> [Directions] For the entries that follow, retype exactly the lines from the one containing "Hyundai Solaris II" to the one containing "New SS Appliances Included", inclusive, and only those. Images stay out of the copy.

> [Source data]
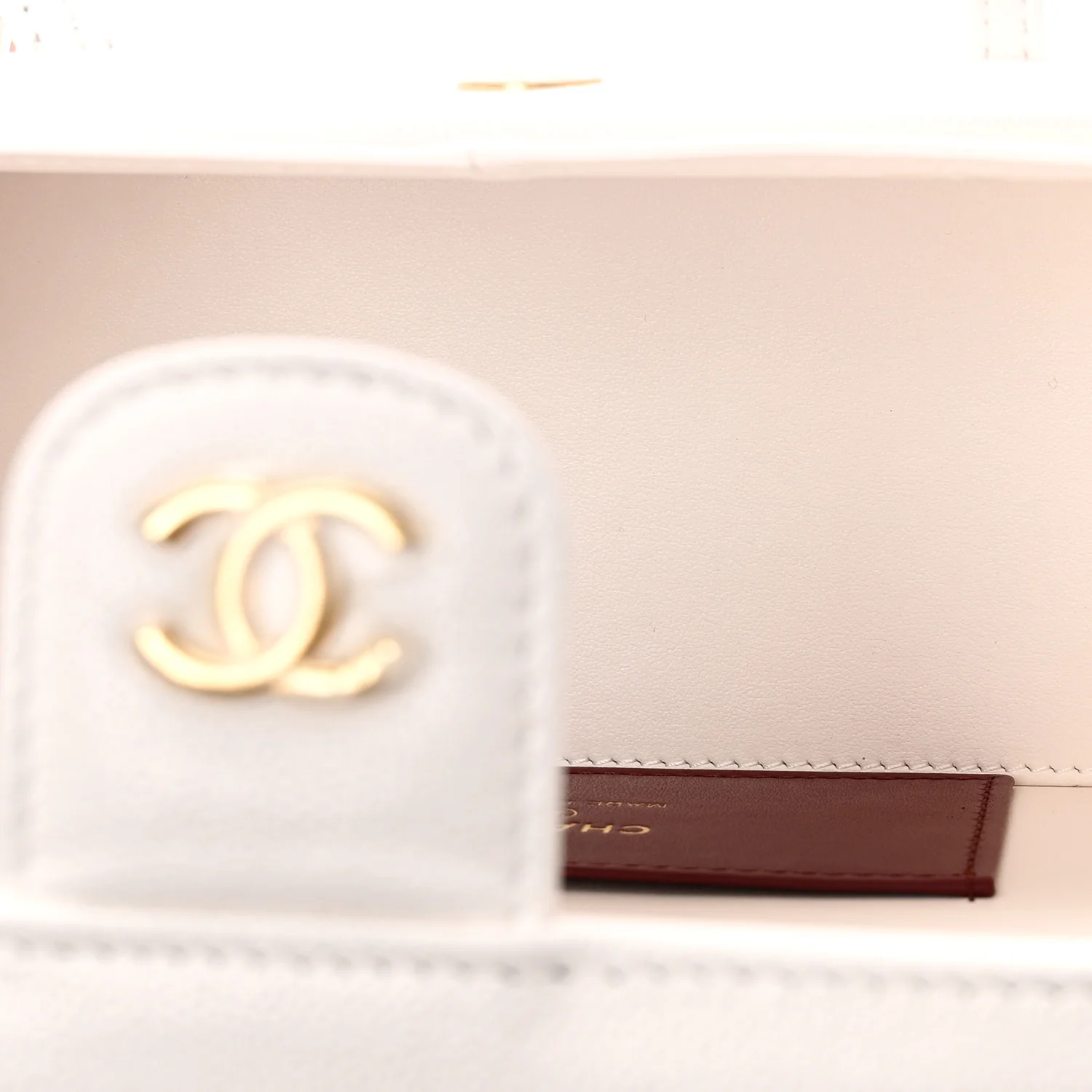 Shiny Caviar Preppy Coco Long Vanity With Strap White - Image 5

--

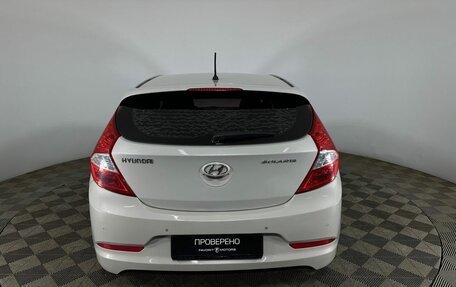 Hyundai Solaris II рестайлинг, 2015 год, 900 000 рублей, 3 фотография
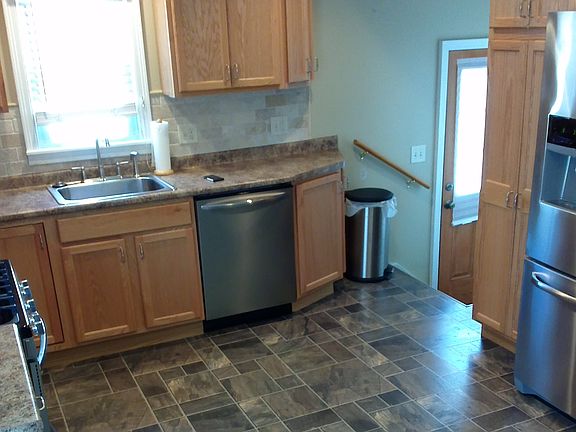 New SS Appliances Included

> [Exercise result]
 Hyundai Solaris II рестайлинг, 2015 год, 900 000 рублей, 3 фотография
 New SS Appliances Included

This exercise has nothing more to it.